To check out a new source tree from scratch, get the
client.mk file which contains makefile instructions which are used to pull the rest of the tree:
$ cvs -d :pserver:email@example.com:/cvsroot co mozilla/client.mk
Note: if you have already set up a
.mozconfig file, you may also need to check out the following files:
cvs -d :pserver:firstname.lastname@example.org:/cvsroot co mozilla/browser/config/mozconfig
cvs -d :pserver:email@example.com:/cvsroot co mozilla/mail/config/mozconfig
If you want to check out the source code of a specific CVS branch, use
$ cvs -d :pserver:firstname.lastname@example.org:/cvsroot co -r BRANCH mozilla/client.mk
instead. To, for example, pull the Firefox 2.0/Thunderbird 2.0/SeaMonkey 1.1 development branch, replace BRANCH above with MOZILLA_1_8_BRANCH. For available branch tags in Mozilla, see CVS Tags.
The information on pulling project specific
.mozconfig files as listed in the previous section apply to other branches than HEAD as well of course.
After having chosen the correct branch, run:
$ cd mozilla $ make -f client.mk checkout MOZ_CO_PROJECT=option,option
As mentioned above, if you are using a custom
.mozconfig file where you have already specified the
MOZ_CO_PROJECT variable, you do not need to repeat it here on command line.

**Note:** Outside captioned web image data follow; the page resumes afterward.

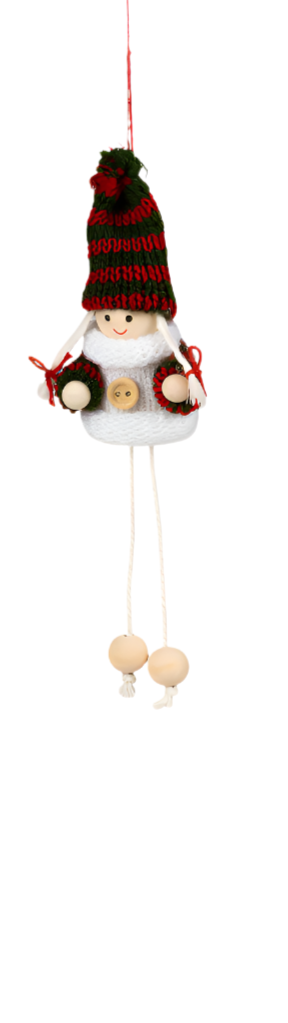 Little Brother and Little Sister in Knitted Hats Ornaments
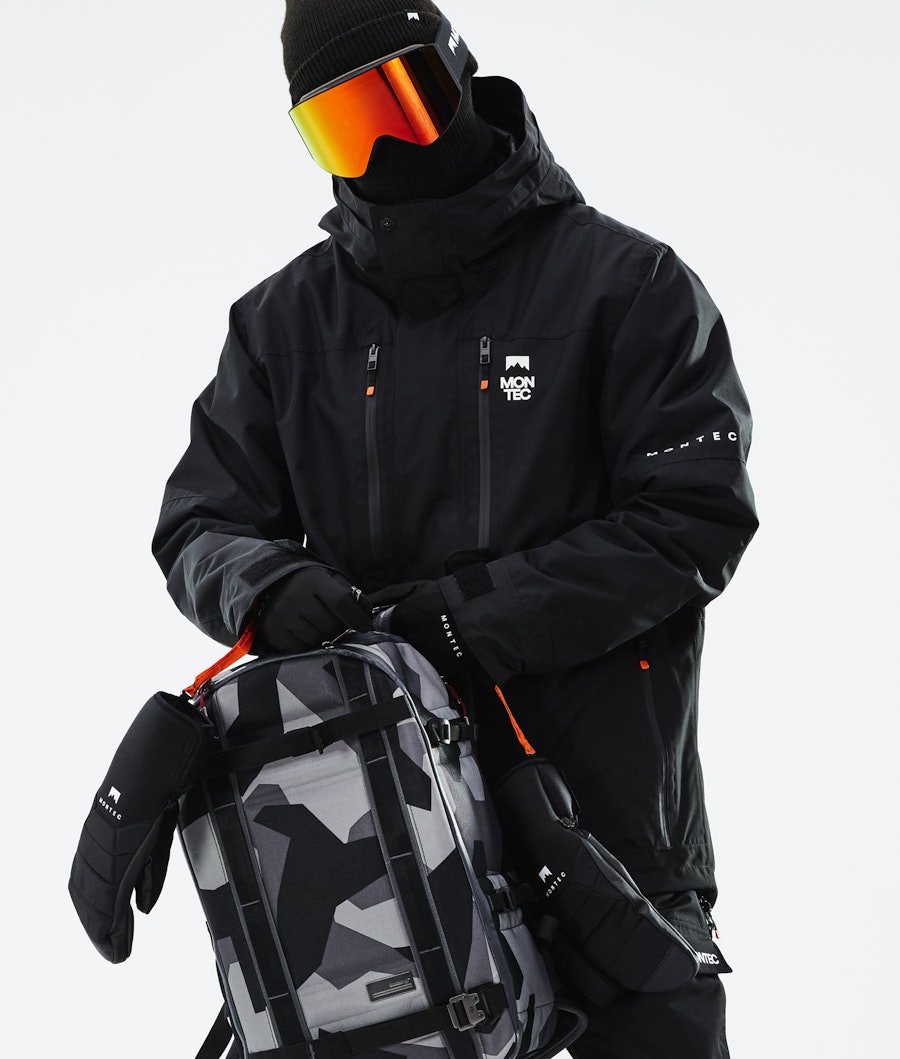 Fawk 2021 Snowboard Jacket Men Black Renewed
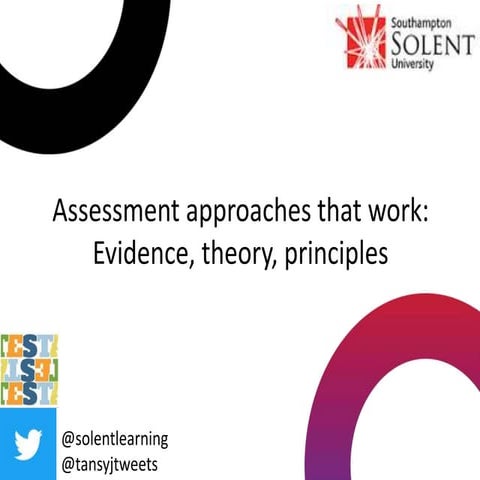 Assessment approaches that work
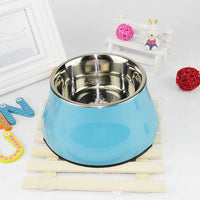 HKM-6739901 Non-slip Melamine and Stainless Steel Pet Bowl with Anti-Slip Design - Available in Multiple Sizes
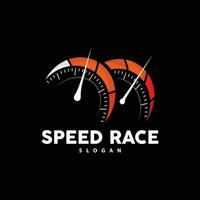 snelheidsmeter logo, vector snel en snelheid tpm auto, ontwerp voor snelheid en reparatie werkplaats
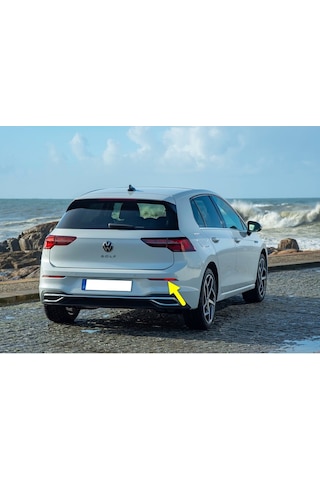 VW Golf 8 2020-24 Arka Tampon Sağ Reflektörü Kedi Gözü 5H0945106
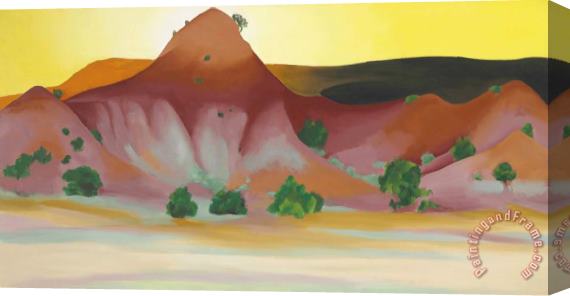 Georgia O'keeffe Hills And Mesa to The West, 1945 Stretched Canvas Painting / Canvas Art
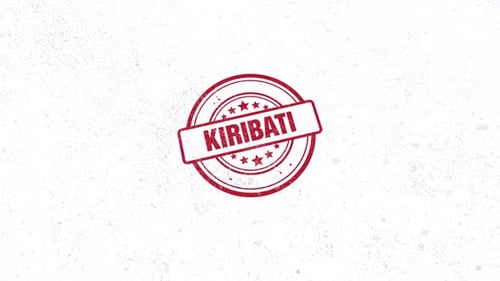 Kiribati Rubber Stamp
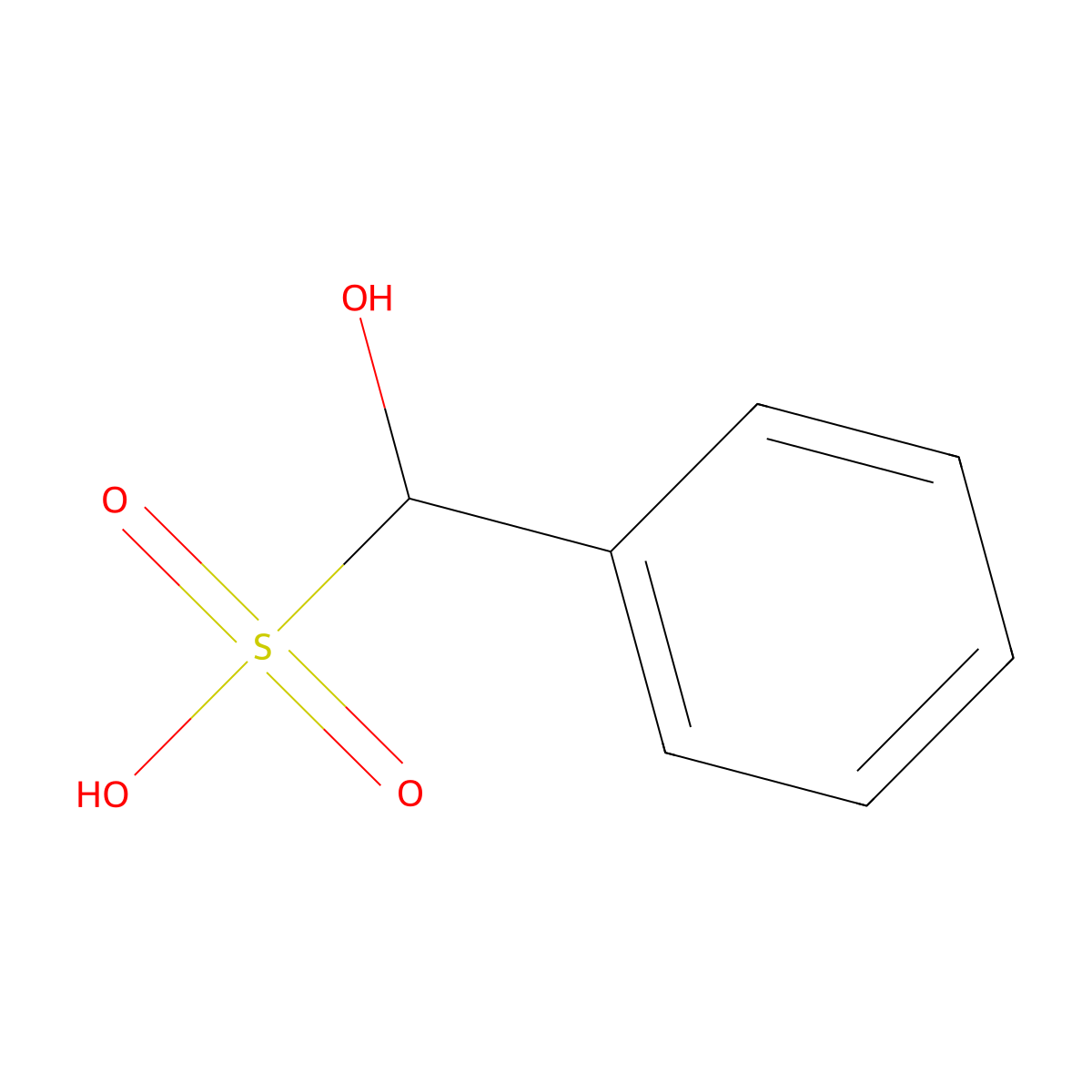 Hydroxy(phenyl)methanesulfonic acid molecular structure, CAS 4657-12-9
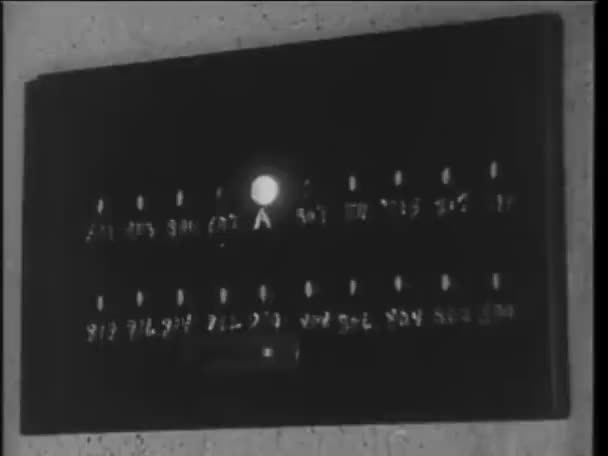 Penutupan Cahaya Bersinar Papan Tambalan 1930 — Stok Video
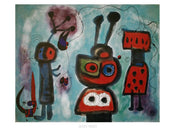 Affiche Art Joan Miro L oiseau au regard calme 80x60cm JM 271 PGM | Yourdecoration.fr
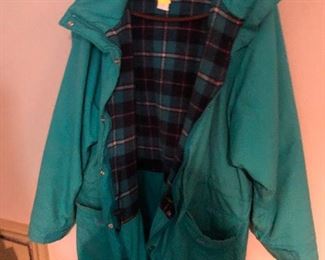 make a statement in the rain in this turquoise L.L. Bean vintage all-weather jacket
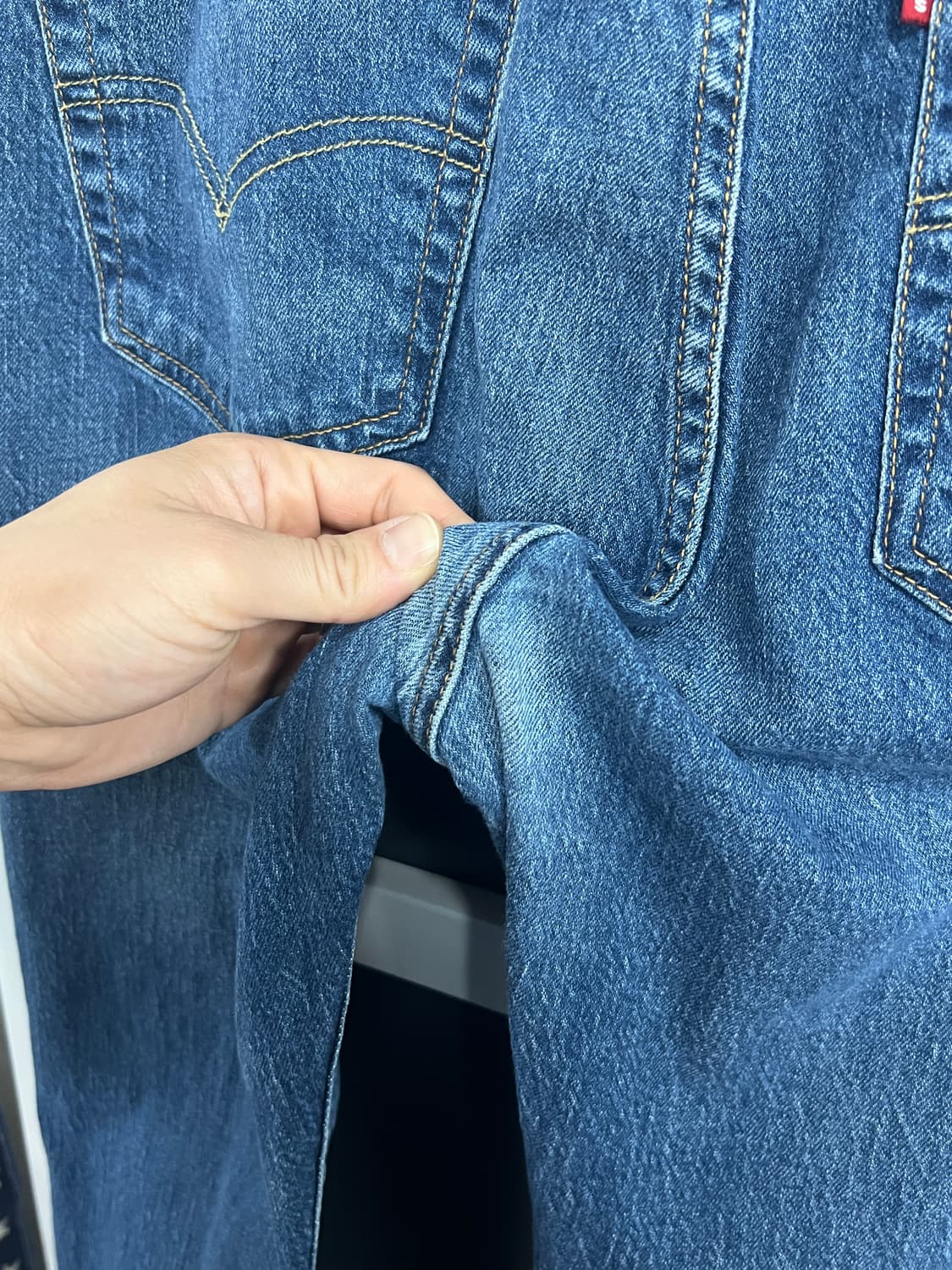 Levis 리바이스 505 레귤러 스트레이트핏 데님 팬츠 상품이미지4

client.mkto checkout the Mozilla sources: do not check out the
mozilla/module directly. Various subprojects such as NSS, NSPR, and LDAP C SDK are pulled from stable release tags, even when regular mozilla development occurs on the trunk.
If you want to check out the source code as it was at a specific time you can use the MOZ_CO_DATE variable. For example
MOZ_CO_DATE="20 Oct 2006 17:00 PDT".
This can either be added to your
.mozconfig file, or specified on the command line, such as
$ cd mozilla $ make -f client.mk checkout MOZ_CO_DATE="20 Oct 2006 17:00 PDT" MOZ_CO_PROJECT=option,option
Changing the Source Tree to a Different Branch
In order to update a source tree (be it branch HEAD or a specific branch) to latest branch HEAD, first run:
$ cd mozilla $ cvs up -A client.mk
The -A option removes any "sticky branch" information, which leads to the effect that the tree is updated to HEAD.
To update a source tree which was pulled from a specific branch, start with
$ cd mozilla $ cvs up -r BRANCH client.mk
instead. Replace BRANCH by the tag of the branch you want to update.
Updating a Source Tree
To update your source tree simply do the following:
$ make -f client.mk checkout MOZ_CO_PROJECT=option,option
As always, if you use a custom
.mozconfig file where
MOZ_CO_PROJECT is already defined, you do not need to repeat it on command line.
Creating a Diff File
In order to create a diff of a single local file against the current file in the repository, use:
$ cvs diff -u8p FILENAME
See Creating a patch for more information.
Converting a Downloaded Source Tree
Downloaded source trees from mozilla.org (source tarballs) are already set up with CVS information, like a normal checkout. You can update these trees like normal trees to the latest code, without special action. See previous section on how to update a source tree.